While valproate’s effect, albeit smaller, is also clinically relevant, atypical antipsychotics alone did not emerge as protective, highlighting that their utility may be adjunctive, potentially enhancing mood stabilization when combined with traditional mood stabilizers.
Limitations inherent to retrospective cohort studies remain, including potential residual confounding, reliance on diagnostic coding, and lack of detailed clinical parameters such as mood state, medication adherence, and psychosocial interventions.
Furthermore, these findings derive from a Korean population; ethnic and healthcare system differences may influence generalizability. Nonetheless, the large sample size and duration lend credibility and applicability within similar clinical contexts.
From a mechanistic standpoint, lithium’s modulation of neurotransmitter systems, neuroprotective effects, and anti-aggressive properties may underpin its anti-suicide efficacy.

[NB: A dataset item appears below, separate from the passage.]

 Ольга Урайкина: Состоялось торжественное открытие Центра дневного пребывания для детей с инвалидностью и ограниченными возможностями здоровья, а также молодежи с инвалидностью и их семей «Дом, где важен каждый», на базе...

Valproate’s mood-stabilizing and anticonvulsant actions might contribute similarly, while atypical antipsychotics’ impact may depend on symptom control synergy.
Conclusion
In summary, this nationwide retrospective cohort study offers compelling evidence that lithium and valproate significantly reduce suicide risk in patients with bipolar disorder during long-term treatment. The addition of atypical antipsychotics further decreases risk when combined with these mood stabilizers, potentially benefiting high-risk patients.

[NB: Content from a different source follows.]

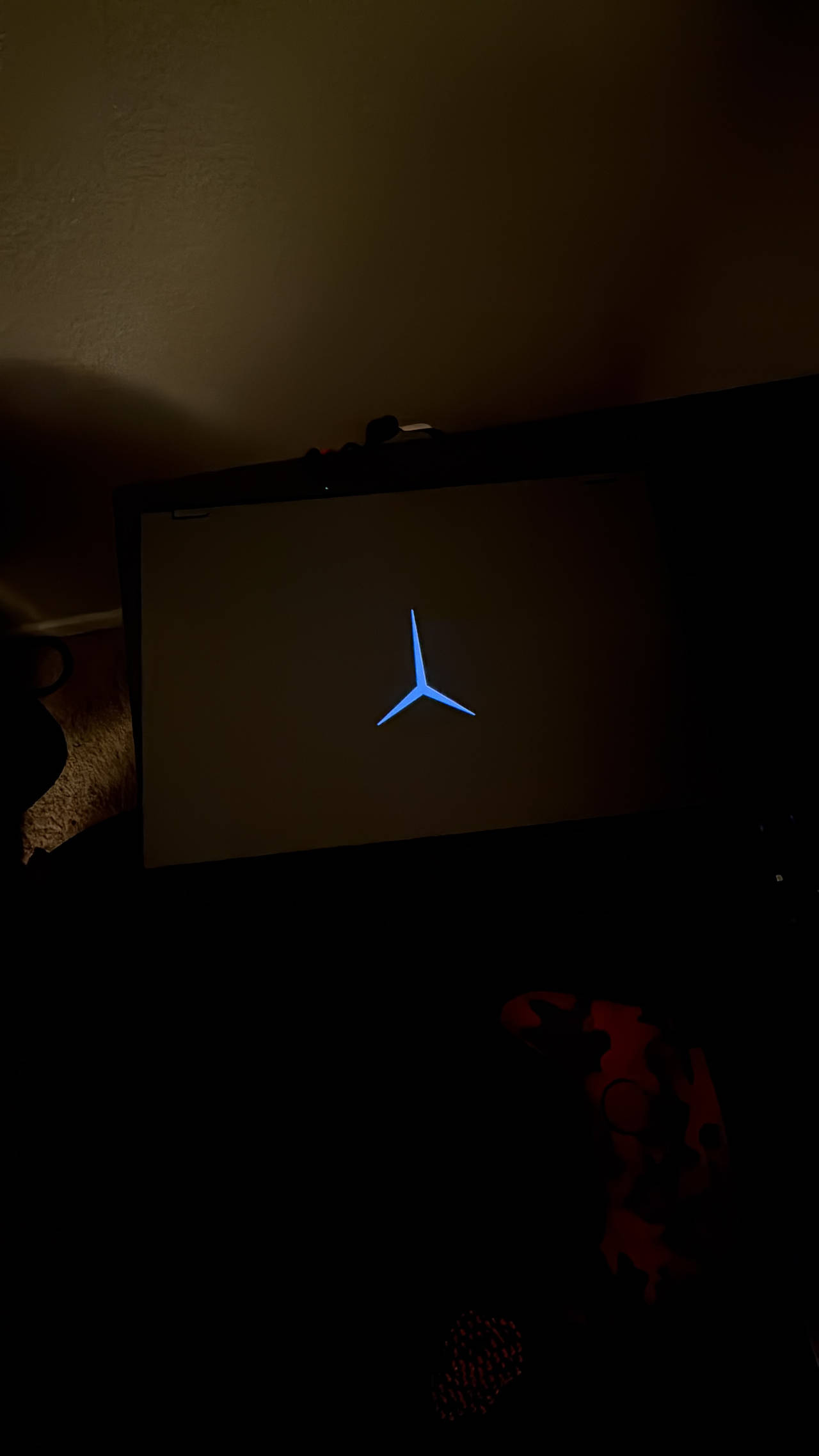 Lenovo Legion Gaming Laptop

Clinicians treating bipolar disorder should consider lithium and valproate not only for mood stabilization but also for suicide prevention. Personalized treatment strategies incorporating atypical antipsychotics may enhance outcomes in complex cases.
Further prospective studies are warranted to refine pharmacologic protocols, integrate psychosocial approaches, and explore mechanistic insights to optimize suicide prevention in this vulnerable population.
Funding and ClinicalTrials.gov
This study was supported by institutional and governmental research funding in Korea. The original study was retrospective and did not register with ClinicalTrials.gov.
References
- Park SA, Son S, Tae BS, et al. Long-term treatment with lithium, valproate, and atypical antipsychotics on suicide risk in patients with bipolar disorder: A nationwide retrospective cohort study. J Affect Disord. 2026;392:120264. doi:10.1016/j.jad.2025.120264.
- Baldessarini RJ, Tondo L, Viguera AC, et al. Decreased risk of suicides and attempts during long-term lithium treatment: a meta-analytic review. Bipolar Disord. 2006 Mar;8(3):241-50. doi:10.1111/j.1399-5618.2006.00278.x.
- Goodwin FK, Jamison KR. Manic-Depressive Illness: Bipolar Disorders and Recurrent Depression. 2nd ed. Oxford University Press; 2007.